Heating system for electric vehicle battery system

Winter is coming soon, and it is time for electric vehicles to face the challenge of low temperatures. The diesel heating system that WM Motor has developed in its electric vehicles is an interesting experiment, which is more for users in the north or even the northeast. The previous initial version of thermal management (PTC electric heating + diesel heating battery pack) mainly focused on batteries. After analysis, it is found that the heating of car owners takes up more energy in winter, and it is more in line with the needs of car owners in the north. The newly added diesel heating cabin function released in the past few days directly provides heat for the air conditioner, and mainly considers using fuel to heat the passengers. By exchanging this heat for electric heating, the problem of air conditioning eroding the battery life in winter is solved. When encountering traffic jams at low temperatures, the more passengers use hot air conditioning, the more obvious the corresponding reduction in energy consumption.

Note: It is troublesome to obtain diesel. Perhaps only users in the north are prepared to buy it. For customers in the south where it is only cold in winter, this thing is useless. No one thinks of preparing diesel to add to it.
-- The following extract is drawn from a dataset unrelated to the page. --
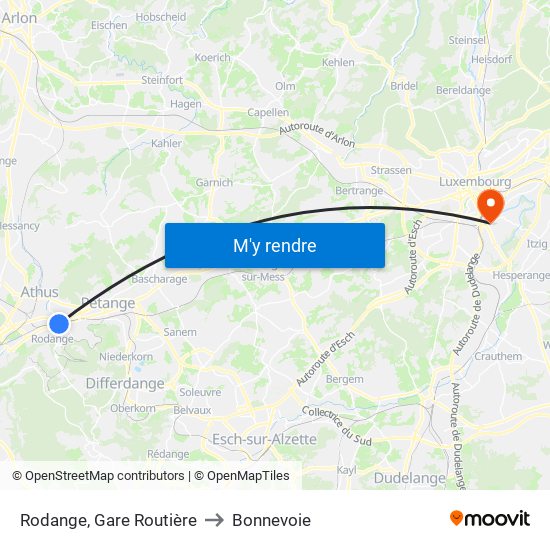 Rodange, Gare Routière to Bonnevoie map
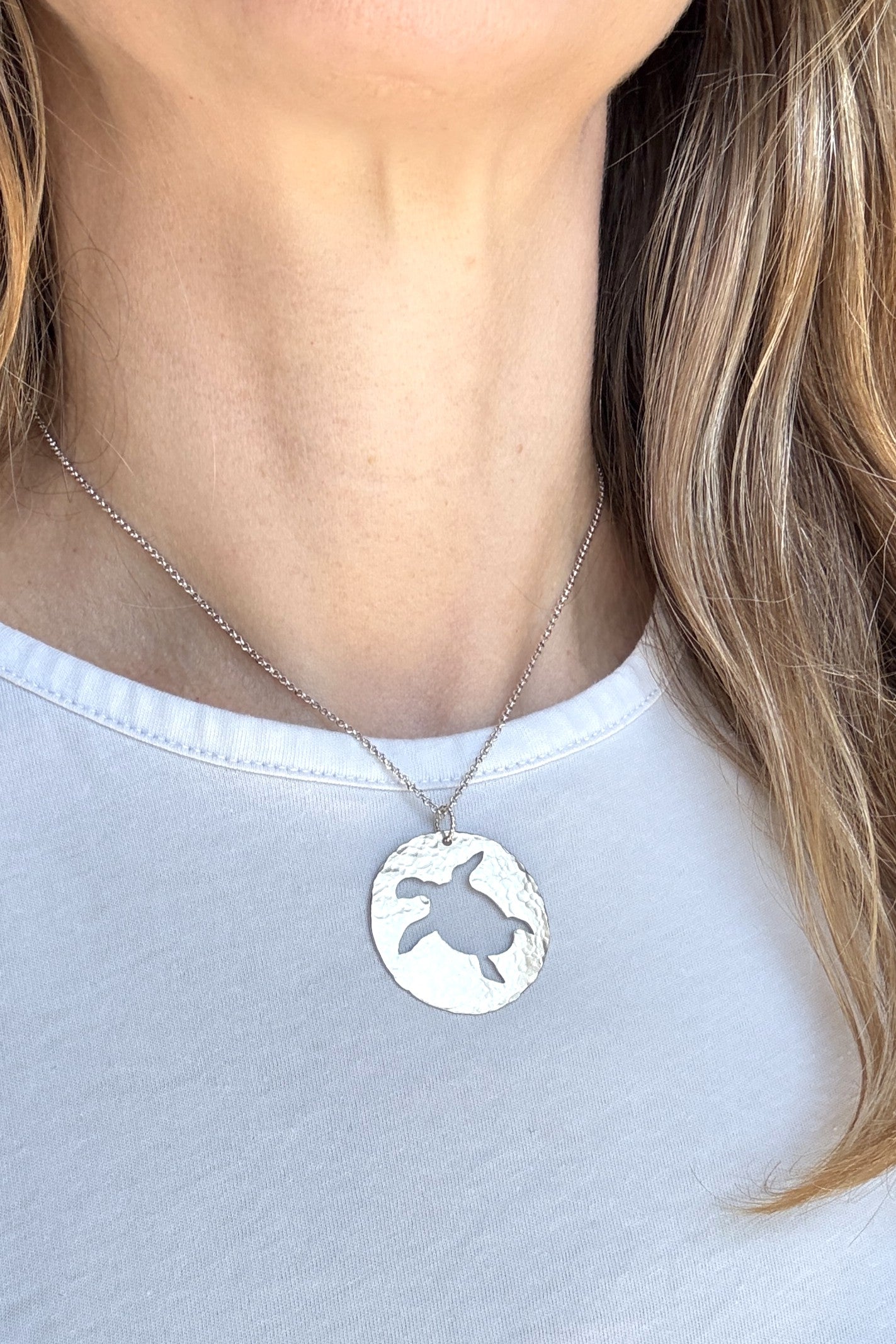 Sea Turtle Silhouette | Hand-Pierced Sterling Silver Circle Pendant Necklace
According to the diagram, this system is compatible with a hydrothermal system. In battery heating, this auxiliary fuel can also be fully utilized. The design focuses on the low temperature section (-30 degrees ~ 0 degrees): There are not many strategies that can be used for batteries at this stage. The usual practice is to heat the coolant through PTC. If diesel heating is used, a good effect can be achieved in this most difficult section. Above 0 degrees, as the battery can be activated faster, the discharge or charging process can accelerate the temperature of the battery to reach the optimal working point. This aspect is the same.
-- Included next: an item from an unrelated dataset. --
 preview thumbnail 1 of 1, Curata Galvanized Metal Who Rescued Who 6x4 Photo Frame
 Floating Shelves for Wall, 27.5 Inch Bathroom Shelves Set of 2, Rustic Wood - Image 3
In this section, several methods currently proposed include:

Self-heating: using built-in nickel sheets, which we have discussed before

Using electric drive system assistance: Denso tried to use the inverter oscillation method at the high voltage end, and the method used in Tesla later used the method of blocking the rotor to generate heat first, and then use the heated coolant to conduct it to the battery surface

This effect is directly related to the battery size, control strategy and low-temperature battery internal resistance + drive system parameters.
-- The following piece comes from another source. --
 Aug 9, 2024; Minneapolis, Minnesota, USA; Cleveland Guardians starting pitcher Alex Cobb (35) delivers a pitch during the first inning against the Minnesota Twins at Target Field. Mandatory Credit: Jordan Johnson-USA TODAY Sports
In the figure previously provided by Porsche, its 270kW fast charging power is directly related to the temperature of the battery cell. At low temperatures, the acceptable fast charging power drops a lot (going towards 100kW at 10°, and further down at low temperatures). Porsche did not say much about the heating method except PTC.

Summary: As the fast charging power of 60kW increases to 120kW and 150kW, the heating speed of fast charging in winter will be greatly reduced, and this issue will become a hot topic at this stage.